Kaïn gaat in ballingschap, Abel is vermoord, wat heeft God nog over! Bij de geboorte van Seth zegt Eva: “God heeft mij een ander zaad gegeven” (NBG. ‘zoon’). Dat is een enorme opluchting. In Leviticus 12 gaat het dus ook weer over het zaad. En dat zaad zijn wij! We zijn ge­roepen om zaad te zijn. Het is de vraag of je het wilt! Zaad in Gods hand. Zo staat er in de profeten: ‘Ik zal hen uitzaaien on­der de vol­ken’. Dat heeft consequenties. Jezus was bereid zaad te worden. Hij heeft Zich laten zaaien. Als zaad in de akker. Opdat er honderd­vou­dig vrucht zou zijn. Een geboorte in de Bijbel is nooit een vanzelfsprekendheid. Een ge­boor­te is een geheimenis; een geboorte behoort aan God. Daarom is dit hoofd­stuk zo actueel. Leviticus 12 is namelijk een getuigenis tegen het heidendom. God ver­telt nooit zomaar waarheden, die iedereen allang weet. God zegt geen din­gen, waarvan de mens zegt: dat heb ik altijd al gedacht, ik ben het hele­maal met U eens, God. Het woord van God gaat juist te­gen het heiden­dom in. Daar zit ook een andere kant aan, want God respecteert cultu­ren van volkeren. Het feit, dat er hier in Leviticus over seksualiteit wordt gesproken, ìs al bevrijdend. Vaak is dat niet bespreekbaar. In Leviticus wordt de sek­­­su­a­liteit enerzijds gehaald uit de sfeer van de geheimzinnigheid, anderzijds uit de sfeer van commercie en wellust. In de West-Euro­pe­­se cultuur wordt de vrouw vaak gezien als object, als ding. Men heeft eens gezegd: we gebruiken mensen en aanbidden dingen. Dat is typerend voor de Westerse cultuur. Heilig in deze cultuur is al­­­les waar geld een rol speelt, het doel heiligt de middelen. Ver­gelijk in dit op­zicht de reclame; ook het peil van de reclame gaat omlaag. De mens wordt aangesproken op zijn begeerten. Je krijgt een hele cul­­­tuur die ge­ba­seerd is op het hebben.
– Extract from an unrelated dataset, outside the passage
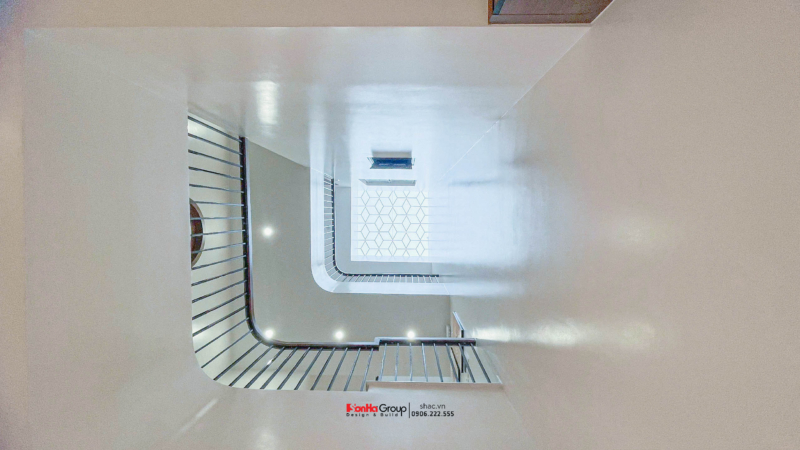 Giải pháp xây nhà ống 2 tầng 1 tum phong cách hiện đại trong ngõ nhỏ - Sơn Hà Group bậc thầy tối ưu không gian 70 Hình ảnh thực tế giếng trời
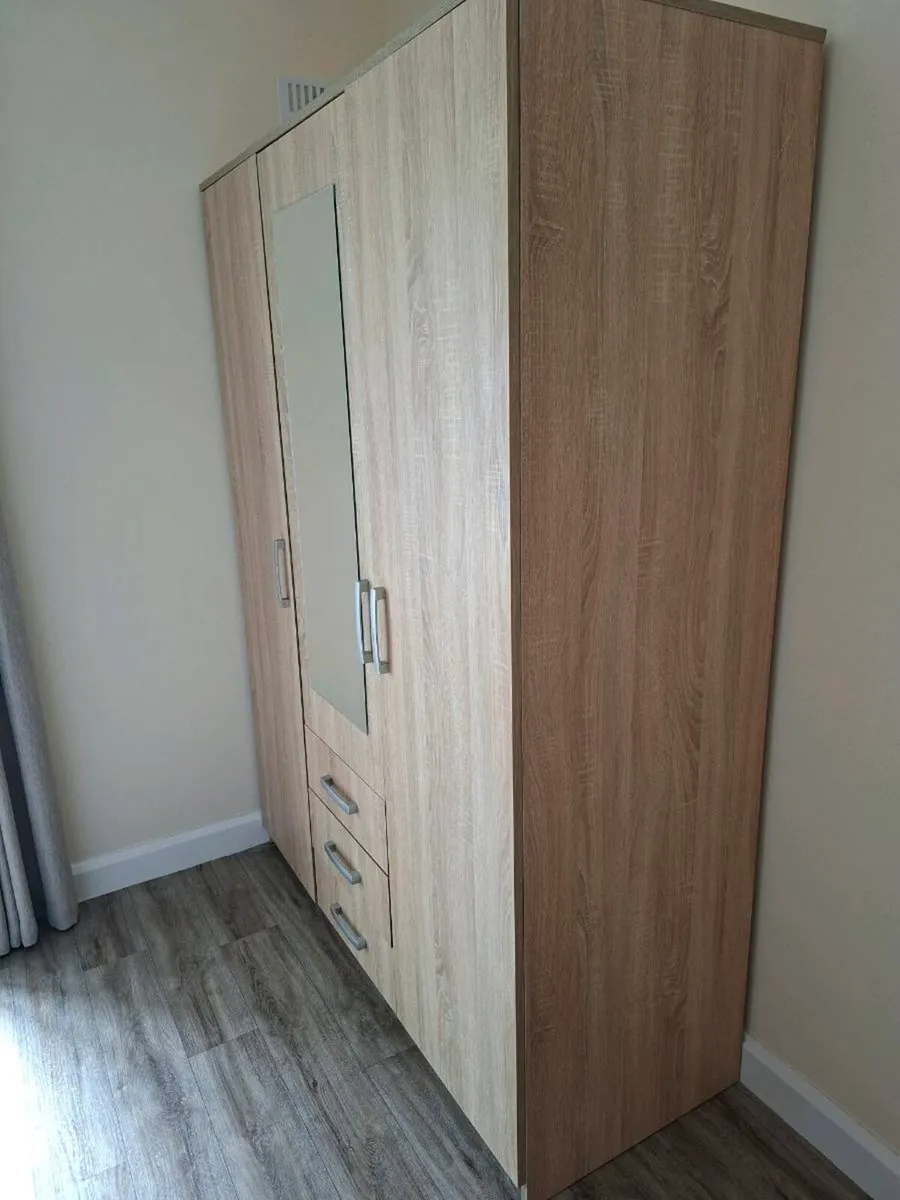 Wardrobe - Image 2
Gebaseerd op zogenaamd ge­luk, al­thans, ge­luksgevoel. Ideaal is, dat je je fijn, dat je je happy voelt.

Eerherstel van de vrouw
Leviticus 12 is een hoofdstuk, dat het eerherstel van de vrouw be­schrijft. Nergens wordt de vrouw zo hoog verheven als juist in het Oude Testa­ment. In som­mige Afrikaanse culturen is het met de vrouw ook niet zo best ge­­steld. De vrouw is de akker en de man zaait daarin. Die vrouw moet al­tijd maar akker zijn de man heeft het recht om te zaaien zo­veel hij wil. Je ziet ook hier weer: de vrouw is object. Ook in de Eu­ro­pe­se culturen zie je dat veel. Leviticus 12 is de bevrijding van de vrouw. Want Leviticus 12 zegt: de vrouw hoèft maar niet altijd klaar te staan. Het zijn dus geen ach­terstel­lin­gen van de vrouw die hier worden beschreven, maar vrij­stel­lingen. In de Torah is de vrouw vrij van alle verplichtingen, die met de tijd zijn ver­bonden. De mannen moesten bijvoorbeeld driemaal per jaar in de tem­pel verschijnen, maar die verplichting was er voor de vrouw niet.Hier zie je: zomaar de natuur zijn gang laten gaan, is heidens. Dan is er geen respect voor de mèns. Het moederschap geeft niet per defi­ni­tie een status. Het heidendom kent de moedercultus. In de ver­schil­lende religies rondom Israël had je de aanbidding van de moe­der­go­din. Een vrouw was pas iets, als ze een kind had ge­baard. De vrouw is maar niet beschikbaar voor de man, niet beschik­baar op bevel. Je kunt ook ontucht hebben bìnnen het hu­we­lijk. In de Schrift leer je de ge­lijkwaardigheid. Dat principe zie je al in Gene­sis. De vrouw wordt ge­maakt als een hulp tegenover de man. Dat is geen hulp in de huishouding. Tegenover wil zeggen: op gelijk niveau. “Dan zal zij zeven dagen onrein zijn” {Lev.12:2}.  Dat betekent: leven moet verzoend worden. Dat wil zeggen, dat het leven in verband gebracht moet worden met God.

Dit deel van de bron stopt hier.